A review by sevve
Przedrzeźniacz by Walter Tevis

3.0

Większość tej książki ma raczej przygnębiający ton i znowu Tevis daje niezbyt subtelnie do zrozumienia, że chyba nie przepada za ludźmi.

Przedrzeźniacz to dystopia - to co zostało ze społeczeństwa funkcjonuje w permanentnym ogłupieniu przez narkotyki, czy inne środki odurzające, a w międzyczasie cywilizacja wokół nich powoli przestaje działać. Ludzie oddali się w ręce robotów, które w pełni odpowiadają za utrzymanie pozorów, że świat jakoś jeszcze funkcjonuje. Ale i to również ledwo działa, bo niemal wszystkie świadome roboty, które miały sprawować nad wszystkim pieczę, popełniły samobójstwo. Zostały tylko te nieświadome, które monotonnie wykonują swoje rutynowe prace, dopóki same nie przestaną działać.

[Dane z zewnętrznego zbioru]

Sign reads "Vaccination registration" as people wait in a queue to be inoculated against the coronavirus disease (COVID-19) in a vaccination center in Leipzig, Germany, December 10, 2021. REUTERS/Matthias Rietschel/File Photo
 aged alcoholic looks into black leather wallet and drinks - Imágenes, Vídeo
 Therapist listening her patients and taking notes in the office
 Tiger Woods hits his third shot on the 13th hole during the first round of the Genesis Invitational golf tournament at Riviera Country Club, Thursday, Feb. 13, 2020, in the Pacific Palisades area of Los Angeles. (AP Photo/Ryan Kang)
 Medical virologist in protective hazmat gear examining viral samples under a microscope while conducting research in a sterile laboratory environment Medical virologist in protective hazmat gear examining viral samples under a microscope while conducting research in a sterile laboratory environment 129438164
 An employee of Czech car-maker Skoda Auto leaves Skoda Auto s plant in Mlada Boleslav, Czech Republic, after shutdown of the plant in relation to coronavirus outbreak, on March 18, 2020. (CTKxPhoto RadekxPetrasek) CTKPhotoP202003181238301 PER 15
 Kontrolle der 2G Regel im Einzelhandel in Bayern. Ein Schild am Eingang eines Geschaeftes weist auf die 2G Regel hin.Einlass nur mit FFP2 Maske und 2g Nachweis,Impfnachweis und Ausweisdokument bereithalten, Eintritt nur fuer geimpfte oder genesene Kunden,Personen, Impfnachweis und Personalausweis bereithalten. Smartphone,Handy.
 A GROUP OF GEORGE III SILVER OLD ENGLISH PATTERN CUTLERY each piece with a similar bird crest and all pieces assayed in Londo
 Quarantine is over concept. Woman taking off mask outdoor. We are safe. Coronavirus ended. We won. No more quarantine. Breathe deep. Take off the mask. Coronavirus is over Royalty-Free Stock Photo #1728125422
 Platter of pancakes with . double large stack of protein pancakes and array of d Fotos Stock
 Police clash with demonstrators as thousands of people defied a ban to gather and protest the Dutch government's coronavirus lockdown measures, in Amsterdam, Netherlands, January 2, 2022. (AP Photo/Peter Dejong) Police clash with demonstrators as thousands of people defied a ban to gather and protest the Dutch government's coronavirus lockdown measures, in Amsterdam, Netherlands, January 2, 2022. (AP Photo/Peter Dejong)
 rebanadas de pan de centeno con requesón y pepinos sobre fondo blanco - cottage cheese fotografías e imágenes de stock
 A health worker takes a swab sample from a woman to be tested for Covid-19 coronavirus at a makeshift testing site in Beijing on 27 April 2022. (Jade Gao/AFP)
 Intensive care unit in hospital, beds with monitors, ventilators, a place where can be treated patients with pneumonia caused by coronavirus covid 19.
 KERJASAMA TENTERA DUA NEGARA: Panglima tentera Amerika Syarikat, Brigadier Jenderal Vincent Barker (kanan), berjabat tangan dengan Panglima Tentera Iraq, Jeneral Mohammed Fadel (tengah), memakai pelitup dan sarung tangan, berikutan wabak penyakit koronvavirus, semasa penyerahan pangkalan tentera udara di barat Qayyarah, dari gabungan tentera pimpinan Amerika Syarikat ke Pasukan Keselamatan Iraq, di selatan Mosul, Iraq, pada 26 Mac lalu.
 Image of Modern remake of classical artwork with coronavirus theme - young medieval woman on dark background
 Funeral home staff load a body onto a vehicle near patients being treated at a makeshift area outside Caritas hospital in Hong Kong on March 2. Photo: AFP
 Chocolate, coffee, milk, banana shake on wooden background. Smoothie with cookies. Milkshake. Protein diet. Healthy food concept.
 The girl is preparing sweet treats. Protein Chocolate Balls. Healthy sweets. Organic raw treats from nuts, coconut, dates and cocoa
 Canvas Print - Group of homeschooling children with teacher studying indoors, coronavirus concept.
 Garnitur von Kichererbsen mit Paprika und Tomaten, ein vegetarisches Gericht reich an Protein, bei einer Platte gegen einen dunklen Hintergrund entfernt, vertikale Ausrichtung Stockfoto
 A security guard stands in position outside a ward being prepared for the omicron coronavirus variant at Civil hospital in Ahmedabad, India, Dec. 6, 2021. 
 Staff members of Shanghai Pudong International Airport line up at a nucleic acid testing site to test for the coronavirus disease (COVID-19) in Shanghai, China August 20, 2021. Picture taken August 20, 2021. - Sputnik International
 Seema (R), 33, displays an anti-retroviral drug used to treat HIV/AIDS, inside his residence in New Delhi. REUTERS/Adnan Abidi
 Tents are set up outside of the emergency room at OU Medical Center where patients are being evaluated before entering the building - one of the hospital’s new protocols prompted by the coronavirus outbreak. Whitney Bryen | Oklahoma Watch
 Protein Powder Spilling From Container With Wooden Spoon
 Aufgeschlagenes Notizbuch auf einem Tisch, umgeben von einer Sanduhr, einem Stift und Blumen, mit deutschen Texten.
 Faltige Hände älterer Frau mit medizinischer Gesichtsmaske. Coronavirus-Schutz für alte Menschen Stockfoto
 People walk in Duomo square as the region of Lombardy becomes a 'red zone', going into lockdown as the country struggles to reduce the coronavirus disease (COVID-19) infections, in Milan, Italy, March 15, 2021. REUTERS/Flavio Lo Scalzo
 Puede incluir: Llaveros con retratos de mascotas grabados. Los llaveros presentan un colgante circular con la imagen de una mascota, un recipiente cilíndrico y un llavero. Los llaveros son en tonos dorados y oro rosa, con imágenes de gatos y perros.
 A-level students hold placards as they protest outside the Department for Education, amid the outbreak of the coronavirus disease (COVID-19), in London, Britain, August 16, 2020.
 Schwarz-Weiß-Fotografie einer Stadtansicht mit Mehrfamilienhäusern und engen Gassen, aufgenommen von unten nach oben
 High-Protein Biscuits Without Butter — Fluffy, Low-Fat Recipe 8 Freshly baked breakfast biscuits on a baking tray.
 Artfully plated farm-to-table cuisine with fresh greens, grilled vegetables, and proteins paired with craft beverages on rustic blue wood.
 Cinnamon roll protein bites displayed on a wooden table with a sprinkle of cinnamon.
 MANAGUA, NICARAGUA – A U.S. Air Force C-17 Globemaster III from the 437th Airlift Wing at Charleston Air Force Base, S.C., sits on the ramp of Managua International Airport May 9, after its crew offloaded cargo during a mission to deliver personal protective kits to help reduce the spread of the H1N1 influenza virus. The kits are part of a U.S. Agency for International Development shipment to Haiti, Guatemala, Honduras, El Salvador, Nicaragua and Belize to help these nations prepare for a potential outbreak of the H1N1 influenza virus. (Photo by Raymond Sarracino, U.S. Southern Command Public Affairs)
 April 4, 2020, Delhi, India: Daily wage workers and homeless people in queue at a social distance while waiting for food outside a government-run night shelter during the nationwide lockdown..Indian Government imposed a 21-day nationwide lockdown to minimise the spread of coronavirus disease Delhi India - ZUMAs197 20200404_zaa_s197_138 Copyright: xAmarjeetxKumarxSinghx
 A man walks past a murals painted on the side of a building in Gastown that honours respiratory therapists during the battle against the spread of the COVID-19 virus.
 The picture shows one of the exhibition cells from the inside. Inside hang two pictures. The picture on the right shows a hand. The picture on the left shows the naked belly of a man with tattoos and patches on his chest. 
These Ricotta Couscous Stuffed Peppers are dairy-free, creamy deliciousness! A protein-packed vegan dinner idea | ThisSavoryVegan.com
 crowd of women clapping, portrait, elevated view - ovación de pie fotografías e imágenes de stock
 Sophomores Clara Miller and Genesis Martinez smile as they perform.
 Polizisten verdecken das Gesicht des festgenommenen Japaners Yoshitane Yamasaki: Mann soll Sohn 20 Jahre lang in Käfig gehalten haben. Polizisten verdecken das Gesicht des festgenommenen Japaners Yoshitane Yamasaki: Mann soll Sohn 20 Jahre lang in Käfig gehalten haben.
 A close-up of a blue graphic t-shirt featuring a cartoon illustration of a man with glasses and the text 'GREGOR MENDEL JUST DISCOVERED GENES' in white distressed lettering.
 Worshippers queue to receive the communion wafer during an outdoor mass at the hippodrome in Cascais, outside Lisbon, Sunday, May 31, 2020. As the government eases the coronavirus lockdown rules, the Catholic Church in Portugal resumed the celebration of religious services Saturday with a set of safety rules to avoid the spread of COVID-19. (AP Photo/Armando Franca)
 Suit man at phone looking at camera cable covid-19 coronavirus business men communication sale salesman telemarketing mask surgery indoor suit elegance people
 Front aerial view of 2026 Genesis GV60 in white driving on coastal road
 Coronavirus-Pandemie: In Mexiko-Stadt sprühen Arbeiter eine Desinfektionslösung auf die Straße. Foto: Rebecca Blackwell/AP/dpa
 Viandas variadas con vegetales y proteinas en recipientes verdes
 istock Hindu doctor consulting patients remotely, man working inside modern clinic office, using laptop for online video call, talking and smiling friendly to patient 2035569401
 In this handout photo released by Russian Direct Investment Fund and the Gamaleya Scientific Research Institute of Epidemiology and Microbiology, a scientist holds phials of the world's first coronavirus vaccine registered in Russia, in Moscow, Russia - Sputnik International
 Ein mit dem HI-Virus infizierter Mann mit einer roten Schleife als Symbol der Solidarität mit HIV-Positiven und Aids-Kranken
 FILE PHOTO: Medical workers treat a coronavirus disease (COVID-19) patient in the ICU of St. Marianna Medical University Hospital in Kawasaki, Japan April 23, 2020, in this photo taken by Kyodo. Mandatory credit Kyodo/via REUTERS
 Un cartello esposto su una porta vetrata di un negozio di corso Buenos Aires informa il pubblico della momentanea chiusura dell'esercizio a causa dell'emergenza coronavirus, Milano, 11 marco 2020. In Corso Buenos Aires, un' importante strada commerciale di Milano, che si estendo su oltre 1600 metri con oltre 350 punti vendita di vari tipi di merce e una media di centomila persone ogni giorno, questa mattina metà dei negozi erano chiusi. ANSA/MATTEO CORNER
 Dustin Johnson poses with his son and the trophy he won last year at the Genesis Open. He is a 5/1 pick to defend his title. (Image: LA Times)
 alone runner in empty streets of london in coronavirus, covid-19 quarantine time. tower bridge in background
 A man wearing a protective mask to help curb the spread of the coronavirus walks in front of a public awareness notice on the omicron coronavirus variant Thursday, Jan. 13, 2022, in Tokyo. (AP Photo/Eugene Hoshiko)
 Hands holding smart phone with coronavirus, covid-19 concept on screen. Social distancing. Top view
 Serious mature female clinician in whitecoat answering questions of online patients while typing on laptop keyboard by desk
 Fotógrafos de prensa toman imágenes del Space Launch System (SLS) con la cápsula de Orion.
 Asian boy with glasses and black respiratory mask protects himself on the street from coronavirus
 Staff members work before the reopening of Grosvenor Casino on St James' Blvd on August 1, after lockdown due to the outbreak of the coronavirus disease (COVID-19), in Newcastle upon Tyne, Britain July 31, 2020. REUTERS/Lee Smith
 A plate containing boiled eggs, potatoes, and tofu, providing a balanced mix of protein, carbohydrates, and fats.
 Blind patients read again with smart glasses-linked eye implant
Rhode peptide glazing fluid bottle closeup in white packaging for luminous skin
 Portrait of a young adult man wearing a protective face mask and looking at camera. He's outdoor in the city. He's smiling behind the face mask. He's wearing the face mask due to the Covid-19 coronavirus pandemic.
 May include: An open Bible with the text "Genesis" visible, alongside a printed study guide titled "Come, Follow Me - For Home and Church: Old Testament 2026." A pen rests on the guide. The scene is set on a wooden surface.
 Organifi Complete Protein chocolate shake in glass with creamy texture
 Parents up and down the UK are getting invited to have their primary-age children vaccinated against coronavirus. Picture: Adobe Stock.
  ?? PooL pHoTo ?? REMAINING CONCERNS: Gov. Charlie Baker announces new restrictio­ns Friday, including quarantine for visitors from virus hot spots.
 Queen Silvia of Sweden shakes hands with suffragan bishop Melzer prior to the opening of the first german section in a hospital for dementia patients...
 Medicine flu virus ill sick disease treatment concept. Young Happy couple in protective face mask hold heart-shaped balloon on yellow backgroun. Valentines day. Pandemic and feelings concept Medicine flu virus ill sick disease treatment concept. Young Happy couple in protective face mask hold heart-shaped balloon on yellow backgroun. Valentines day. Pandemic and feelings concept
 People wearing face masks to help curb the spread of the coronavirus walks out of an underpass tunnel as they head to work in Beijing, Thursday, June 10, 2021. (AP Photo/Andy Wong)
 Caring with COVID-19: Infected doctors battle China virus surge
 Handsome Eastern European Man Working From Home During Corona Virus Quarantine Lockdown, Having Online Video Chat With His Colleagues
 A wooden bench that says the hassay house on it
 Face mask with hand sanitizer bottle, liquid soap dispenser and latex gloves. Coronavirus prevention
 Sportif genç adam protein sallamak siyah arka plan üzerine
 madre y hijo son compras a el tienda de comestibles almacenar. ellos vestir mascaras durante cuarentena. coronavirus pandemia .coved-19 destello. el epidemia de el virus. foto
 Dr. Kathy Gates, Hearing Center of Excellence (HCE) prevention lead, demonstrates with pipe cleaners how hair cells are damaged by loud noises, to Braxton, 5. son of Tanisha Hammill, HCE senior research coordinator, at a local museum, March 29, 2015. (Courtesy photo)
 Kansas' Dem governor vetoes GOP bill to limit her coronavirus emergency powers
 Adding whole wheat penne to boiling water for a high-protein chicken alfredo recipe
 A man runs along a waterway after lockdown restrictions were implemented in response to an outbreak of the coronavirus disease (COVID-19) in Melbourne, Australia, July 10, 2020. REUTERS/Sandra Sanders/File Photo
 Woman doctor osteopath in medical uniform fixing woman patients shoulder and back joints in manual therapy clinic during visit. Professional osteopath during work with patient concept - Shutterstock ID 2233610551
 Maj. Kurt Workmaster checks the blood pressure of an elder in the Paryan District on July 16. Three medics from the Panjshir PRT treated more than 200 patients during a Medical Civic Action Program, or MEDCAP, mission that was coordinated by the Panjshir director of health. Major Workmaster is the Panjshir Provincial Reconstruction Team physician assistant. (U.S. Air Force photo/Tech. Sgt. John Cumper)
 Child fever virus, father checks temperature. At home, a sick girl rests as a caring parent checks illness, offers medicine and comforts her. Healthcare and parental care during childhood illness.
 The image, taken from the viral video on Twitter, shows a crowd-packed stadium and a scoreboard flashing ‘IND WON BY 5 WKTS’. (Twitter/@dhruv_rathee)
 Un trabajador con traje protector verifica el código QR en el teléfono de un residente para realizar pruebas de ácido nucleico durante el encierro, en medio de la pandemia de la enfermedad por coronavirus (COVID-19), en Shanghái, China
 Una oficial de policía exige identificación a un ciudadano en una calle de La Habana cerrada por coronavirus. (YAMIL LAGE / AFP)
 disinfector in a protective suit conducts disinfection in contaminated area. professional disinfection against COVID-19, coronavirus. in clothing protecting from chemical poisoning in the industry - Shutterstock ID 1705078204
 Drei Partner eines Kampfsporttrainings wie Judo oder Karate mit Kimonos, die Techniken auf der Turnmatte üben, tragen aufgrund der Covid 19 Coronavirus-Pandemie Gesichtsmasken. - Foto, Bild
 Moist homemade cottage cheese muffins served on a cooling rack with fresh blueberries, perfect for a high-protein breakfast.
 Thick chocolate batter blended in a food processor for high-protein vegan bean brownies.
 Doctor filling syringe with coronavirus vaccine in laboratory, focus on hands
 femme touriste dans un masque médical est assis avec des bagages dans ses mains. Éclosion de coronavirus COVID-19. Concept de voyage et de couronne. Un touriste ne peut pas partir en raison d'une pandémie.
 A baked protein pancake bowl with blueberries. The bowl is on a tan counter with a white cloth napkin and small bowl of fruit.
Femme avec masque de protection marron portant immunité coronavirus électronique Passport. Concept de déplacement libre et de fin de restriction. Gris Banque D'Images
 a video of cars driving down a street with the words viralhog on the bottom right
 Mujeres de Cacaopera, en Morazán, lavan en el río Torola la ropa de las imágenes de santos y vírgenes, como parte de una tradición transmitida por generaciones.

Śledzimy kilku bohaterów, którzy są w stanie porzucić ogłupiacze i wybrać świadome życie. Dzieje się to, bo odkrywają dawno zapomnianą umiejętność - czytanie.
Na początku bardzo wciągnąłem się w tę wizję świata i ogólny ton książki, ale w pewnym momencie Tevis zaczął mnie trochę gubić, a fabuła zaczęła się rozmywać.